<<<<

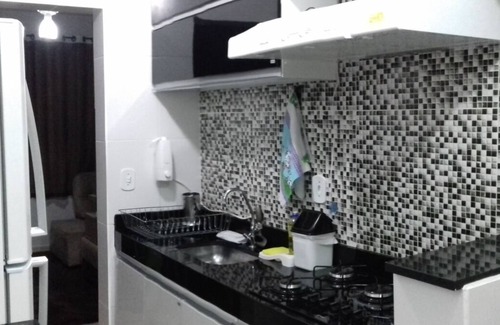 Nossa Senhora Aparecida Apartamento | Apartamentos Condominio dos Lagos 1, 2 y 3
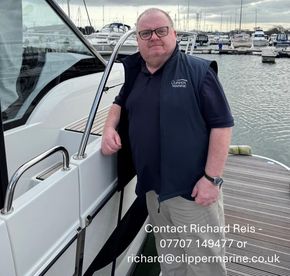 1992 Sunseeker Tomahawk 37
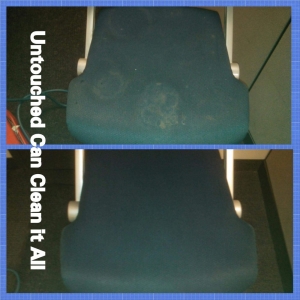 Photo of Untouched Corners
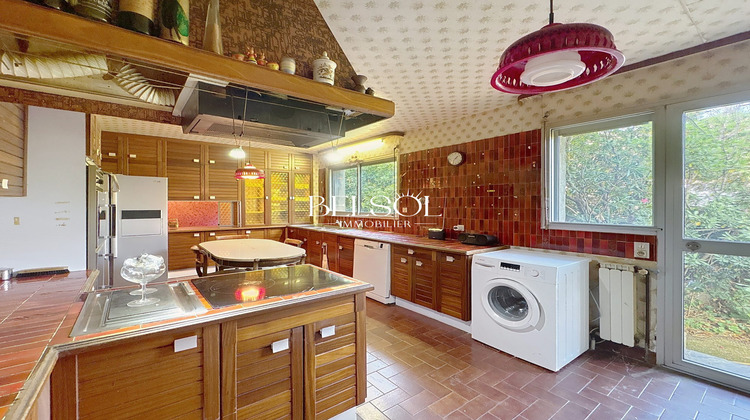 Ma-Cabane - Vente Maison Saint-Estève, 220 m²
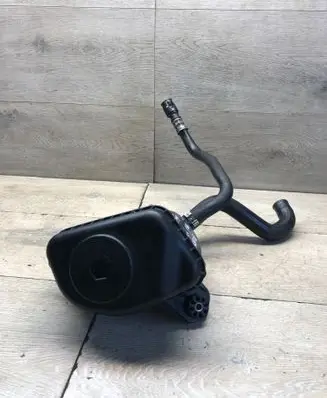 BMW 5 F10 F11 Power steering fluid tank/reservoir 6782941 33192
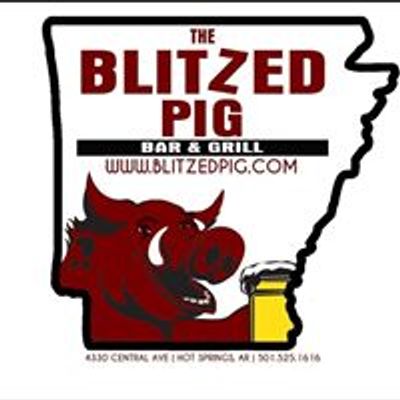 The Blitzed Pig Bar and Grill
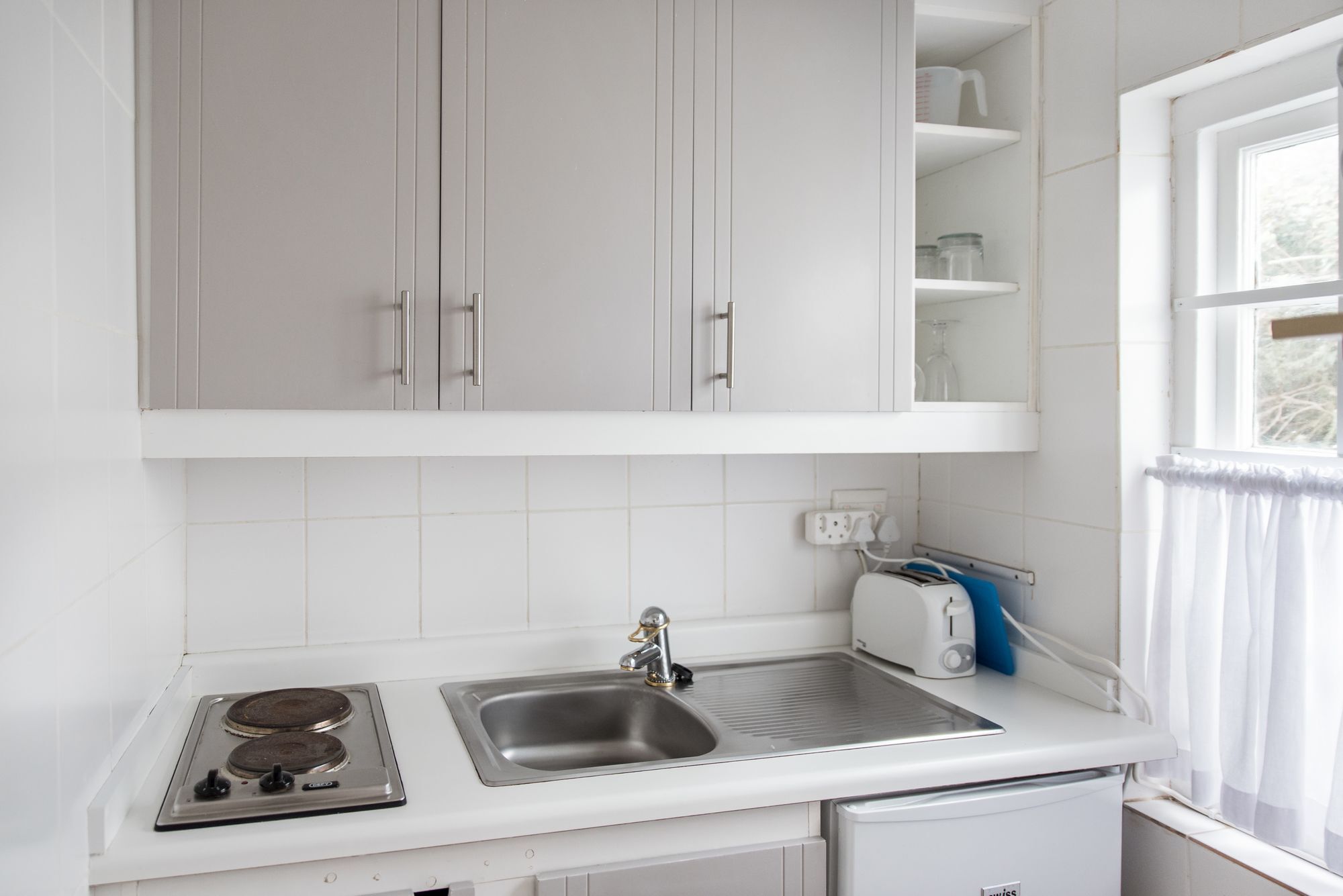 Valhalla Self Catering موسيلباي المظهر الخارجي الصورة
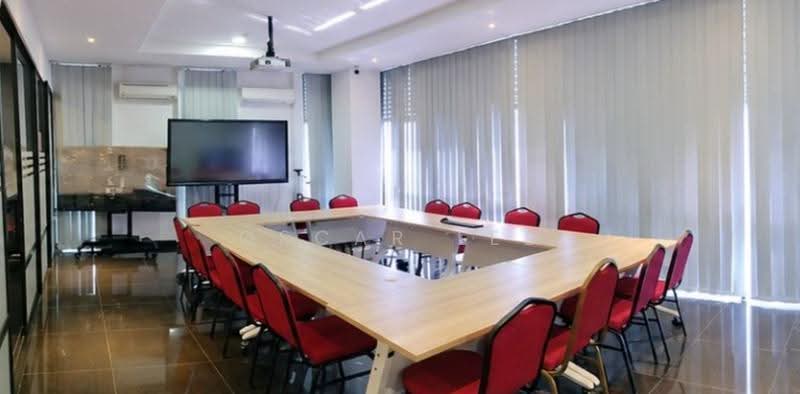 Semi-D Factory for Rent in Bandar Puteri Puchong (Puchong) - Oscar Lee - Interior - PropertyGuru.com.my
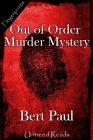 Out of Order Murder Mystery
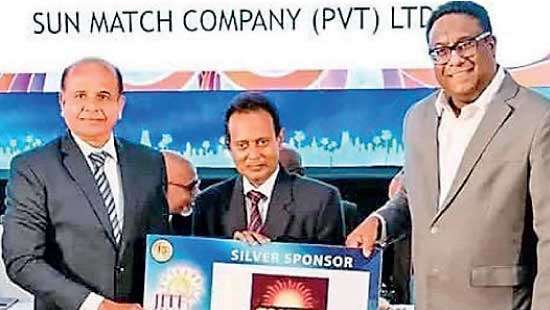 Soorya supports Jaffna Int’l Trade Fair 2025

>>>>

• [Problem to solve]:
From the first line to the last, restate the entries exactly, without pictures.

• [Response area]:
 Nossa Senhora Aparecida Apartamento | Apartamentos Condominio dos Lagos 1, 2 y 3
 1992 Sunseeker Tomahawk 37
 Photo of Untouched Corners
 Ma-Cabane - Vente Maison Saint-Estève, 220 m²
 BMW 5 F10 F11 Power steering fluid tank/reservoir 6782941 33192
 The Blitzed Pig Bar and Grill
 Valhalla Self Catering موسيلباي المظهر الخارجي الصورة
 Semi-D Factory for Rent in Bandar Puteri Puchong (Puchong) - Oscar Lee - Interior - PropertyGuru.com.my
 Out of Order Murder Mystery
 Soorya supports Jaffna Int’l Trade Fair 2025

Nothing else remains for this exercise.